Thotakota Fry/ Amaranth Leaves Fry


I have enjoyed amaranth since I started eating them in 2011 when my Mother-In-Law brought them back from a trip to her home village in Seesilee, Andhra Pradesh, India. They were fresh and organically grown at her parent’s farm in the middle of the “rice bowl”. So, I usually post photos of my recipes made but I am currently missing my camera’s memory card. The above photo is from Google Images and it is of amaranth leaves. I encourage all who eat this to use a bit more oil than normally would use in leaves to impart the flavor when cooked. You can use amaranth leaves in salads raw as well. This recipe is my Mother-In-Laws and she is a Telugu lady who really enjoys hot food (karaam), but adjusted this recipe for me. I hope you enjoy and make amaranth leaves apart of your weekly diet!

Amaranth is also enjoyed by the Greeks and they have several recipes. I have not tried any, but someday when I get to make some homemade goat cheese and make a Greek amaranth fry, I will certainly post it!
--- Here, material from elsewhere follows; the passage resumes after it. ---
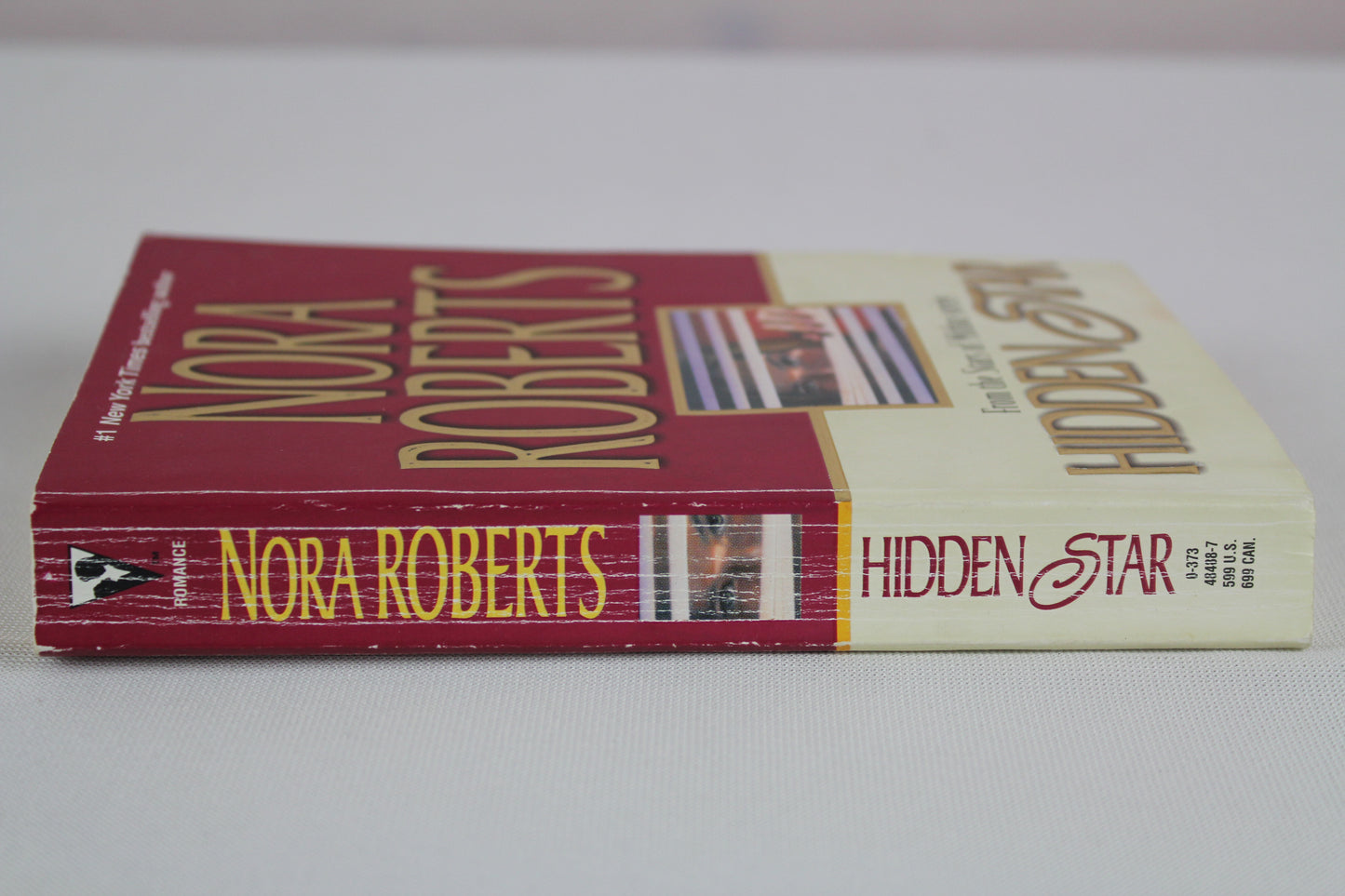 Hidden Star (The Stars of Mithra) by Nora Roberts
4-5 bushels of amaranth leaves trimmed and chopped

1/2 onion chopped

1 sliced and chopped green chili pepper

1/4 tsp turmeric powder

1 diced tomato

3 Tbs of oil- I prefer Olive Oil or Sesame Oil

4 Curry Leaves

2 garlic cloves pressed and pealed

1/2 Tsp of salt- to taste

In a wok heat oil and add garlic for 25 seconds then onion and green chili pepper and fry for 1 min. Add turmeric, curry leaf and tomato and cook for 3-4 min. Add the amaranth leaves and stir ingredients together slowly, add salt. Cook until the greens are wilted yet a bright green color, about 5-6 minutes. Turn off stove, let sit for 1/2 hour and serve with Chapathi or Pulka.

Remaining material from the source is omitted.